Still other people see Java returning to its roots as a control system for smart appliances, from computers and PDAs like the Newton right down to your microwave oven. Java support might find its way into all sorts of mobile devices, where carrying around all your software on disk could be forgotten in favor of the immediate download.

The other concern about Java is security. Nobody in their right mind would download a program from the Internet (or a BBS, for that matter) and run it right away on their home computer...without checking for viruses, would they? Yet that's pretty much what Java does: downloads a program and runs it. Because of this fairly obvious concern, there are strict limits in Java as to what "applets" can and cannot do. The two main restrictions are:

1. Java applets cannot read or write files on the client's hard disk without specific permission (in Netscape they can't read or write files at all--period), and

2. Java applets cannot try to connect to an Internet site other than the one they were downloaded from. In other words, if your home computer gets a Java applet from site A, that applet can't be sneaky and try to connect to site B from your computer.

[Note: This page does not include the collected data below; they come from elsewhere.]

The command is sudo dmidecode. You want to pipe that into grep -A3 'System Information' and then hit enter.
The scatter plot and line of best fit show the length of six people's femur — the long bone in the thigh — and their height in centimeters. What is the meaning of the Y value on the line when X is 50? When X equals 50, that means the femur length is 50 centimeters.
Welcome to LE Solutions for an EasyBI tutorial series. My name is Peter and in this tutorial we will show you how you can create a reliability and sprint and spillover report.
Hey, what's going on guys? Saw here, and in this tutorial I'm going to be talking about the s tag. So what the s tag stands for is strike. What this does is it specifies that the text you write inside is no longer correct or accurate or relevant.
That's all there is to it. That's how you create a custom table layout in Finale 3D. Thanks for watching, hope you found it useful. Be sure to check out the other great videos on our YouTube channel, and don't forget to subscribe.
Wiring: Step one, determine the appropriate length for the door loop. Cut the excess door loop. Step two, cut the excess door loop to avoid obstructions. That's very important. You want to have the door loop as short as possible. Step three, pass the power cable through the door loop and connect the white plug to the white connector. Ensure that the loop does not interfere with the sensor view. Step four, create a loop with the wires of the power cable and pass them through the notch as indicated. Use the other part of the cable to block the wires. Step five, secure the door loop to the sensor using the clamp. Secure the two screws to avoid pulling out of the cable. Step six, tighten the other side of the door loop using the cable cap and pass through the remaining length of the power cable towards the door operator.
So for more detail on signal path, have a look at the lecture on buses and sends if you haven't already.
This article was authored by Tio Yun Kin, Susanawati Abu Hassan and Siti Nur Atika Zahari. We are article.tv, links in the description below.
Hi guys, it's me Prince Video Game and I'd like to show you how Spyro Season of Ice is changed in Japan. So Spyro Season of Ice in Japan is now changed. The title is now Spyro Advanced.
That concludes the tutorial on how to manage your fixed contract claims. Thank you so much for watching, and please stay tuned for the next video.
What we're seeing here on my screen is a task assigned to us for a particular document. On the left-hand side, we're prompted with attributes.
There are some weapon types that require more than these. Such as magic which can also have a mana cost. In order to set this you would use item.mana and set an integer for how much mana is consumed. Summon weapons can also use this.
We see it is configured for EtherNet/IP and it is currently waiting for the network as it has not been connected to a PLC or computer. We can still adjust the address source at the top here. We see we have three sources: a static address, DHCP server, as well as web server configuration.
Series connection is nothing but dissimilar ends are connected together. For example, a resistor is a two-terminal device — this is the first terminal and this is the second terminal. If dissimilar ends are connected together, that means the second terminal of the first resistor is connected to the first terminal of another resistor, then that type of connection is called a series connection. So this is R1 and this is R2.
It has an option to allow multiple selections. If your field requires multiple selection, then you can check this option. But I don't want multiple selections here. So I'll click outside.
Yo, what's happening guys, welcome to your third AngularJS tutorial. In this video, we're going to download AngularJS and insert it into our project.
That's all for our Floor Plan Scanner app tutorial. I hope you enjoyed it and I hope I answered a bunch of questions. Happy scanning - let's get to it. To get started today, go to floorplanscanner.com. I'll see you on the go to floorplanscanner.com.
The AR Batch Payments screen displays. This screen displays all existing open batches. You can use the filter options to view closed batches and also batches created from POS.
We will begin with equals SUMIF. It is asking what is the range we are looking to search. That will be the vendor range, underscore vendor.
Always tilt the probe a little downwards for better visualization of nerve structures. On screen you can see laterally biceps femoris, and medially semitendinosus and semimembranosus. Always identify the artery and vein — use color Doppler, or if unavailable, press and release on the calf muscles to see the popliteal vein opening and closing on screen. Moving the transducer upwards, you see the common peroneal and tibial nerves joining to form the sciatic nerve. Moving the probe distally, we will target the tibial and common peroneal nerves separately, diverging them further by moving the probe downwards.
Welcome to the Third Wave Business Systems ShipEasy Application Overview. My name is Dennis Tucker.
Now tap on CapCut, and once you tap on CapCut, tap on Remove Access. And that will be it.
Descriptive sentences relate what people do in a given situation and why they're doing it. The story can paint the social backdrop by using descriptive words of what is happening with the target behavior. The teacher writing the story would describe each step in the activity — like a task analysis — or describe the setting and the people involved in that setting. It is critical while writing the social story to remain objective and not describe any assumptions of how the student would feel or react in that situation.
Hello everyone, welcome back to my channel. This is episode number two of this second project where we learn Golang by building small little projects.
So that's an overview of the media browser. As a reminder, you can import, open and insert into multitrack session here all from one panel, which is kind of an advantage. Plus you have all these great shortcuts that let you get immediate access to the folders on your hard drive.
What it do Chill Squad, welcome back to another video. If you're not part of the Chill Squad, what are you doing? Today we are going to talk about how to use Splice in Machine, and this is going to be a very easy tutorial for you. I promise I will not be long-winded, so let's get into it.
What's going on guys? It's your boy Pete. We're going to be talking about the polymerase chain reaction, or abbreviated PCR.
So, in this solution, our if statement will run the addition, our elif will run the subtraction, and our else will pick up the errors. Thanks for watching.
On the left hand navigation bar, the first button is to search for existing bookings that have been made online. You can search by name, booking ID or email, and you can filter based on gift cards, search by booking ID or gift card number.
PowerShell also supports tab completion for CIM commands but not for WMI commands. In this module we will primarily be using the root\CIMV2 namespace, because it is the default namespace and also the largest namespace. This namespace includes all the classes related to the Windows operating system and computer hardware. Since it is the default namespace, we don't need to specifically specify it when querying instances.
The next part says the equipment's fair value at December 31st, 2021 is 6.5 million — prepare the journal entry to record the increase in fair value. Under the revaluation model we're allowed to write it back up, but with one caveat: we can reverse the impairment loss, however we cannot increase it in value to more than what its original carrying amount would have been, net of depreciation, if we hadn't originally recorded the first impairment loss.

Some people say the security is too good, particularly in Netscape. Hotjava gives the individual user a choice whether Java applets will be allowed to read or write files; for right now Netscape has decided that too much security is better than too little, so Java applets that are downloaded into Netscape's browsers are not allowed to read or write anything on disk. The danger would be that a malicious (or badly written!) applet might fill your disk with garbage, or overwrite important files, or, heaven forbid, leave virus droppings behind. And with the recurring paranoia over Prodigy's swap files or Microsoft's registration wizard supposedly sending your most personal secrets off to the Trilateral Commission, the last thing we need is a snoopy Java applet reading what it isn't supposed to. Programmers are complaining, though, that unless Netscape eases up on its tight Java security, Java programming won't progress beyond dancing coffee cups. If you have Netscape 2.0 running (or HotJava, of course) you can see what Java is all about right now, at http://java.sun.com, where there are plenty of examples to browse, as well as FAQ-lists and documentation. To see what the rest of the Internet outside of Sun Microsystems is saying about Java, your best bet is the newsgroup comp.lang.java.